## ABOUT THIS EXERCISE
Begin at the line containing "Lot #3028042461 2015" and restate it and each line after it exactly, up to and including the last line below. Leave pictures out.

>>>

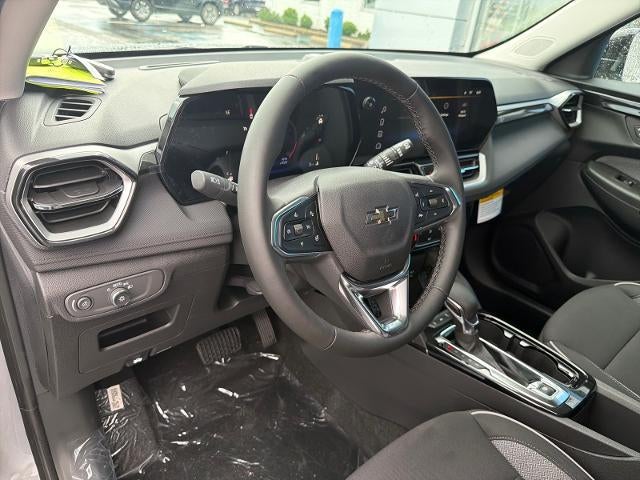 2026 Chevrolet Trailblazer FWD 4dr LT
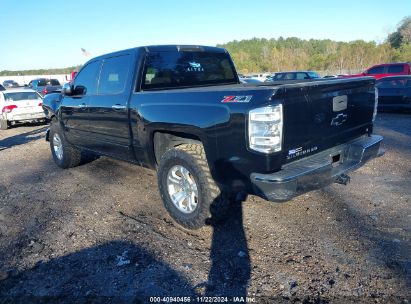 Lot #3028042461 2015 CHEVROLET SILVERADO 1500 2LT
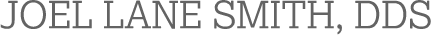 Joel Lane Smith, DDS - Logo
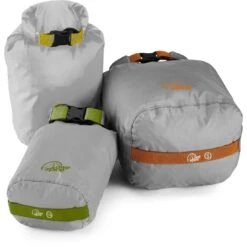 Lowe Alpine Drysack Dry Bag (Pak Van 3) - Zinc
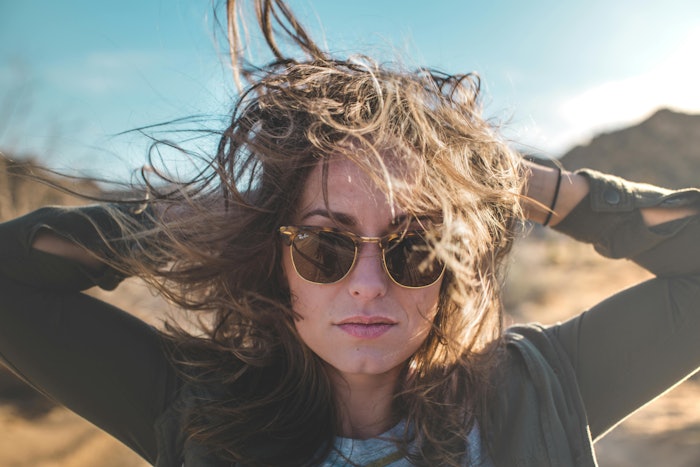 'Hair is under constant attack from everything your body is exposed to—sun, pollution, diet, sleep and stress,' says Fabrice Guillemard, director of marketing for beauty and care at DSM-Firmenich.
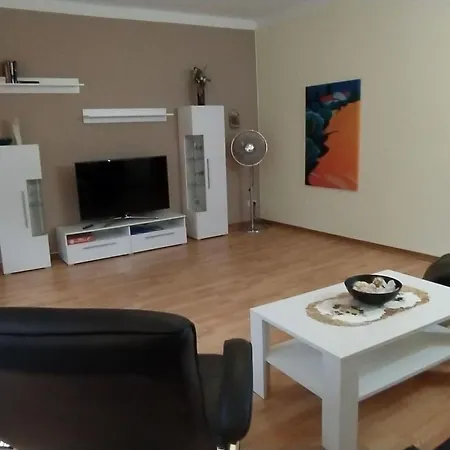 Am Birkenwaeldchen By Interhome Apartamento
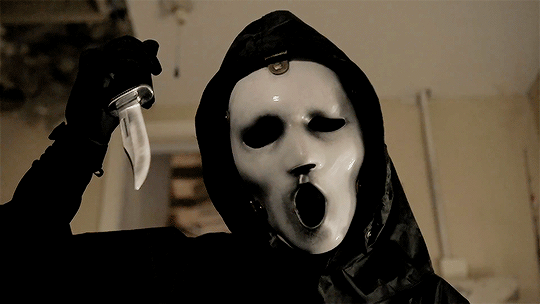 Scary Movie Marathon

<<<

## ANSWER SECTION
 Lot #3028042461 2015 CHEVROLET SILVERADO 1500 2LT
 Joel Lane Smith, DDS - Logo
 Lowe Alpine Drysack Dry Bag (Pak Van 3) - Zinc
 'Hair is under constant attack from everything your body is exposed to—sun, pollution, diet, sleep and stress,' says Fabrice Guillemard, director of marketing for beauty and care at DSM-Firmenich.
 Am Birkenwaeldchen By Interhome Apartamento
 Scary Movie Marathon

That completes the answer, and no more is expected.